Task to complete — Return the lines of the data below starting at the one holding "BHOOKA Flower Press" and ending at the one holding "Charley Harper Mid", word for word, leaving every picture out.

Data entries
____________________
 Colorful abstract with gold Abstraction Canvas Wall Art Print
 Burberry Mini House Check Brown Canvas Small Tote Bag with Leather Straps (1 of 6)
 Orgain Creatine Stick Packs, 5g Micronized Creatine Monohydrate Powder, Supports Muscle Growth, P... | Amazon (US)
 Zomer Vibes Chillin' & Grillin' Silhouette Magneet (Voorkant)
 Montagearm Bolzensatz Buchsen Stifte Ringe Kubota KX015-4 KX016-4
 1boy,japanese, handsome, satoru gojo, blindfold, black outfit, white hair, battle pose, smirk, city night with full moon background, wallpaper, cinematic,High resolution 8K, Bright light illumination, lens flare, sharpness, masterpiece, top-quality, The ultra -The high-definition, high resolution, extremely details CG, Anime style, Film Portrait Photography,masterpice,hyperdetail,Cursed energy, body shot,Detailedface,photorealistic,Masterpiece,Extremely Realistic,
____________________
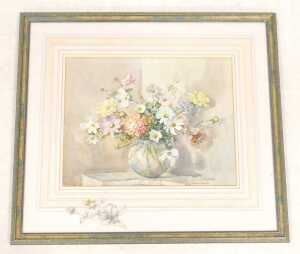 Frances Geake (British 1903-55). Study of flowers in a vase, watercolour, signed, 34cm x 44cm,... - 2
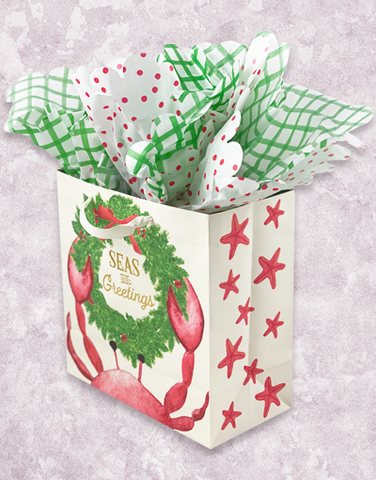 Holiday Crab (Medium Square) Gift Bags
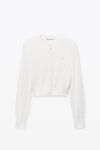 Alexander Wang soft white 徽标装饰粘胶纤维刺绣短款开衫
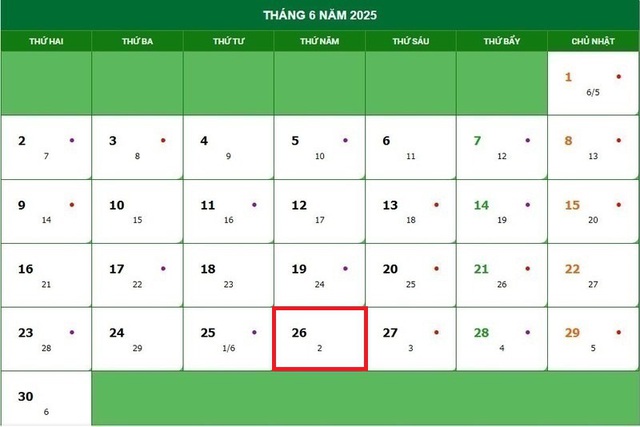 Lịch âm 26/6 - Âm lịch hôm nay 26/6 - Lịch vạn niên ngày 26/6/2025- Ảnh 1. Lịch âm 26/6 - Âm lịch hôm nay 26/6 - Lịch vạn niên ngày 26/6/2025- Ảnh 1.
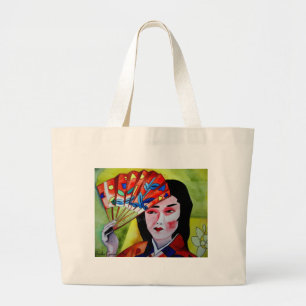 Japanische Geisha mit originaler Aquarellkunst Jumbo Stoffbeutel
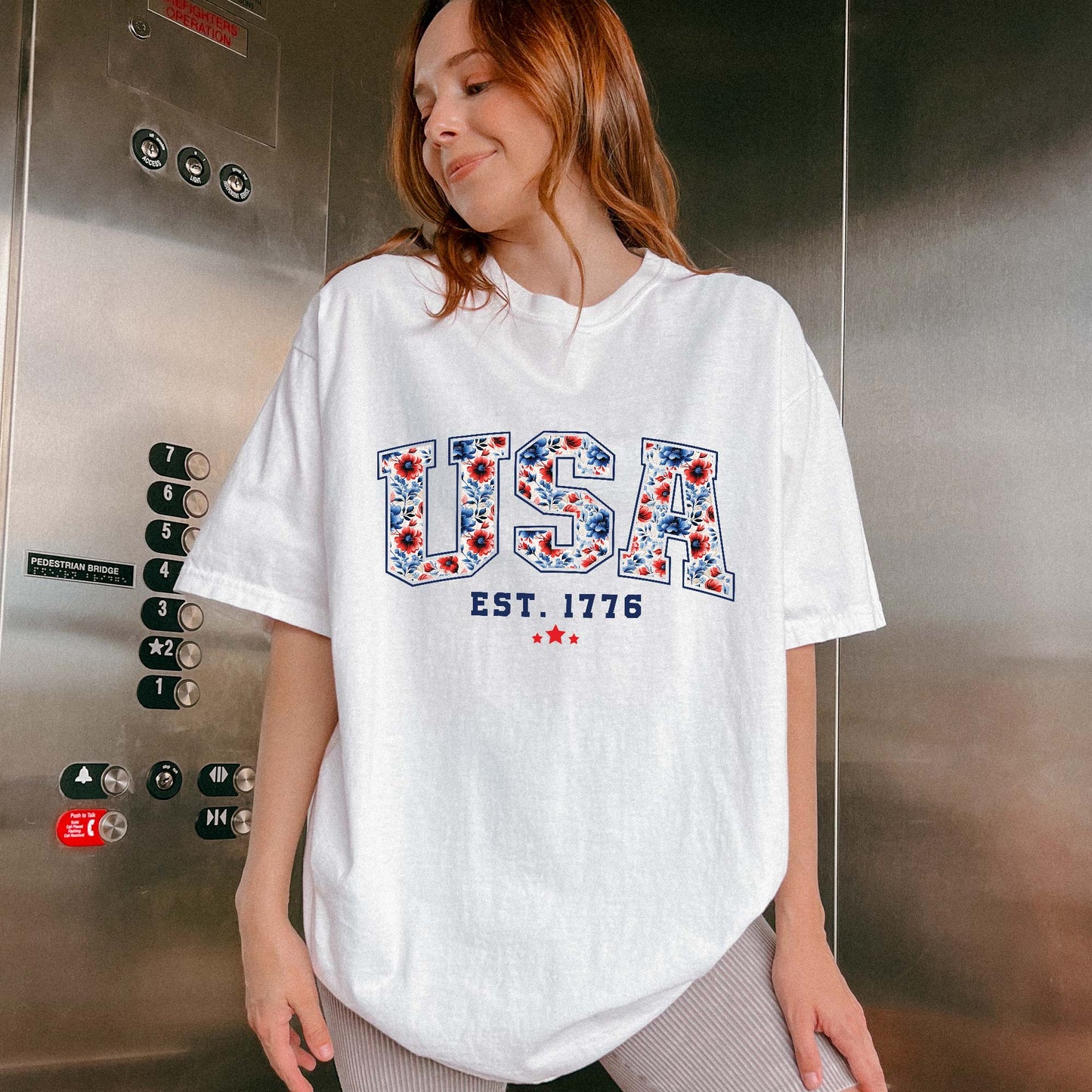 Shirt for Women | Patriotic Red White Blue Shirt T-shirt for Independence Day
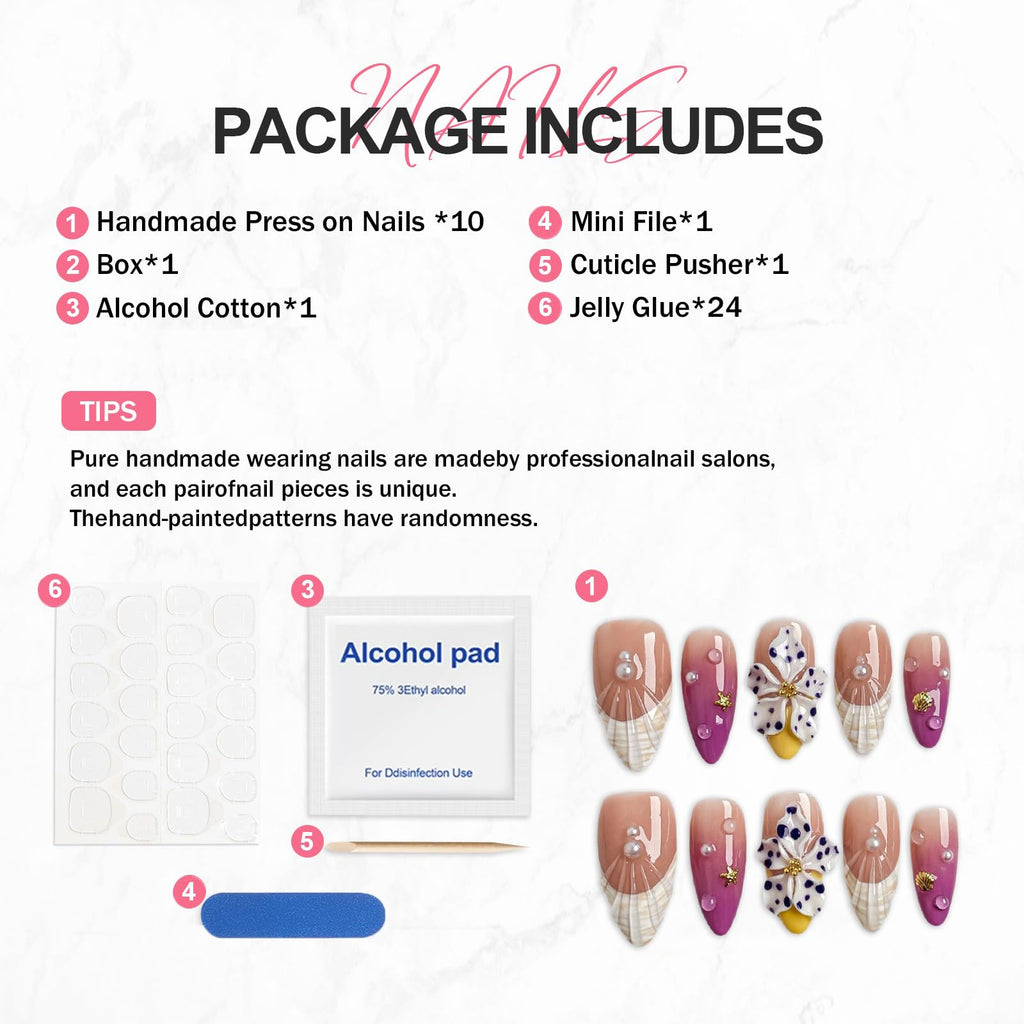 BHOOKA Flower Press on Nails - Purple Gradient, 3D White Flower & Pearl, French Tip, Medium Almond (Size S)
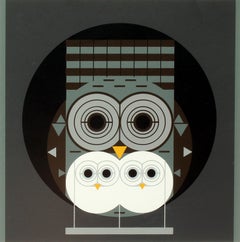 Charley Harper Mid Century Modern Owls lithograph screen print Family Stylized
____________________
Finished exercise —
 BHOOKA Flower Press on Nails - Purple Gradient, 3D White Flower & Pearl, French Tip, Medium Almond (Size S)
 Charley Harper Mid Century Modern Owls lithograph screen print Family Stylized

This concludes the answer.